The district court concluded that the board’s ruling that Thomas was “administratively AWOL” was arbitrary and without basis in law, and unsupported by substantial evidence. The court held similarly *1420with respect to the board’s refusal to remove the record references to “deserter” and “DFRA” despite the board’s holding that these were a “nullity”.

Administrative AWOL

During the hearing before the district court, the magistrate inquired of the government about the statutory and regulatory authority for the designation “administrative AWOL”. Provided with none, the magistrate reported that:

Counsel for the Secretary, during hearings before the Magistrate, could not find any regulatory basis for an “administrative AWOL” nor articulate its origins in law. The Magistrate’s own research, with the aid of the library resources of the Tenth Circuit, has found only one case noting an “administrative” class of AWOL. However, that case was based on a 1953 Army Regulation which has no present day existing equivalent. [Emphasis in original.]

The government requested reconsideration, stating with that request that Army Regulation (AR) 630-10 authorized such a determination. Reconsideration was granted, with further argument.

AR 630-10 was described as containing guidance and procedures for Unit Commanders in “determining and reporting members who are AWOL or DFR”. (Its purpose is not, as the majority suggests, to protect the public treasury.) The district court observed that AR 630-10 does not define or use the term “administrative AWOL”, and the court described it as “seemingly, a status necessitated until more information is available.” The government has pointed to no error of law in this analysis.

The district court concluded that there was no statutory or regulatory authority for the Army to have declared Thomas “administratively” AWOL. The court also held that (1) the Army did not follow the provisions of AR 630-10; (2) Thomas was not afforded a hearing; and (3) in all events, Thomas was not AWOL because he was not absent from any post to which he had validly been assigned. The district court found that the Army itself recognized that Thomas was relieved at SWMSU. The district court held:

Upon the Army’s failure to either inform Major Thomas that he was to serve out his term at SMSU, or, to adjust (shorten) his active (AGR) time, it cannot now hold him to be “A.W.O.L.”, administratively or otherwise, during the period remaining after he properly declined reassignment.... He could not report back to SMSU because Col. Ondecker advised (“informed”) him he was relieved. He did not have to report to Fort Bragg, because it was an illegal order. He had no other place to go.
“Administrative AWOL” is not the determining factor in this case. No unit commander acted; indeed, no one knew who was Thomas’ commander. Rather, as discussed, the failure of the Army, at higher levels, to properly address Major Thomas’ situation is at the heart of this situation. Major Thomas thus fell into a “crack,” and it was incumbent on the Army to inform him of what his proper course of action should be, or, to shorten his active duty commitment to the point where he properly declined reassignment. These are conclusions which the Army itself reached in 1985. [Emphases in original]
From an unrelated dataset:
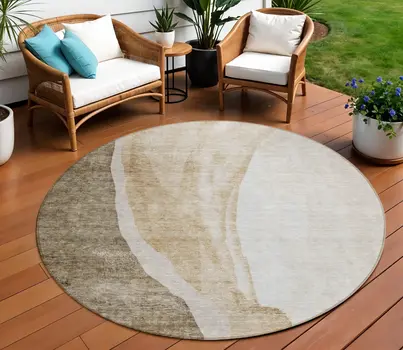 8' Brown And Taupe Round Abstract Washable Indoor Outdoor Area Rug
No error in fact or law has been shown in these conclusions or their premises. As the district court observed, the government provided no authority, rule, or regulation, to support the board’s holding a person AWOL who is without valid orders, who has no place of assignment, who is not missing, and whose location is known to the military authorities.

The majority now finds that Major Thomas’ proper place of assignment was SWMSU. No preceding tribunal so found. Major Thomas was never carried as AWOL from SWMSU. Thomas states that Colonel Ondecker told him that he “could not, under any conditions, return to SMSU”. Thomas also states that “the option to complete my tour at SMSU had been denied me categorically both by COL Ondecker (speaking for Major General Louis Wagner, *1421Commanding General, Fort Knox and for the Secretary of the Army) and by COL Fleming (speaking for the USAR)”. The action at bar is based entirely on the retroactive administrative determination that Thomas was AWOL from Fort Bragg, to which he was not validly assigned, as the Army agrees, and indeed as the panel majority agrees.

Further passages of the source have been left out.